You just inform them that the org can be taken under the ownership of the company at any given time.

In either way, use the report exporter to see how many orgs are open by users and every few months send them a mail reminding them about policy and ask them to close it if they done need it anymore.

These are orgs were created by accounts that have been revently deleted from AAD. Until the user accounts are at least in the recycle bin accessing them goes to the request access page. Some limited testing today once the are deleted it changes to the claim button. Claiming them is easy enough, the surprise was to see orgs from users that quit drop off the report your talking about when I’m the only person that has the ability to claim them and I didn’t. That’s what peeked my interest.

We have some open world test environments that users can do what they like in. Some of the big differences vs a personal org is access/license controls, conditional access, auditing, that sort of stuff. Here the is really no functional reason to have a private org and creating them was disabled long ago. We have tons of integrations and pipeline tasks, non of that exists in a personal org.

Data leakage is a concern, company intellectual property can only exist in specific places. It’s a big challenge to get thousands of users to read a do this not that doc.

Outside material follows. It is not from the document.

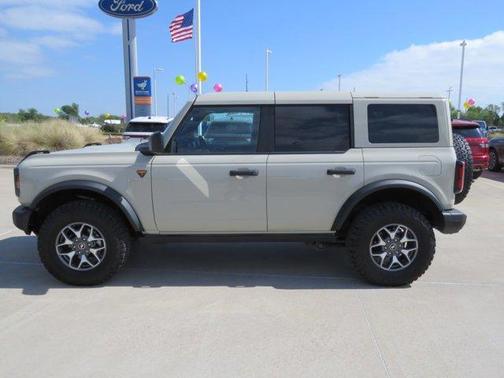 Beige 2025 Ford Bronco Badlands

I used to work in a very controlled environment where ad users never got deleted even after they left as you needed to have traceability vs security logs kept for years . All users of employees that left were moved to an OU, like xUsers with strict policy. Users were disabled and group membership recorded externally and then cleaned off. All this to not create ghosts records in other systems.

Just remember, users do git pull to local machine, you cant stop them opening an account say at gitlab and pushing the code to their private repo, thus blocking orgs for the sake of IP doesnt really hold ground. Its one of the wrong reasons i hear people try to use when discussing moving from internal onprem repo systems to cloud ones.

Yes i expected the report to ‘miss’ data when users are deleted from aad, thanks for validating this.
Since MS removed the free node for new orgs, i would say opening orgs has become stale.

I don’t disagree. On the network here reaching an external destinations means there are rules that allow traffic to reach them, the doors are closed by default. Your right though a user with enough motivation will always find a way round the layers of firewalls and proxies, its not possible to block every possible destination.

Storing confidential data improperly is a job endangering violation of company policy, they might not read our doc but they sign off on HR’s as a condition of employment :slight_smile:

Personally I won’t check my own 401k or email on my work computer with the ssl injections. I get it, I just don’t care to have my creds decrypted and logged anywhere.

I would be more worried about your bank/pension and email not using certificate pinning in that case

No financial org with their salt should be vulnerable to that kinda mitm in this day and age

Mhm I just looked it up to be sure and apparently certificate pinning is not a thing anymore??? :thinking_face::thinking_face::thinking_face:

I don’t know a ton about certs myself.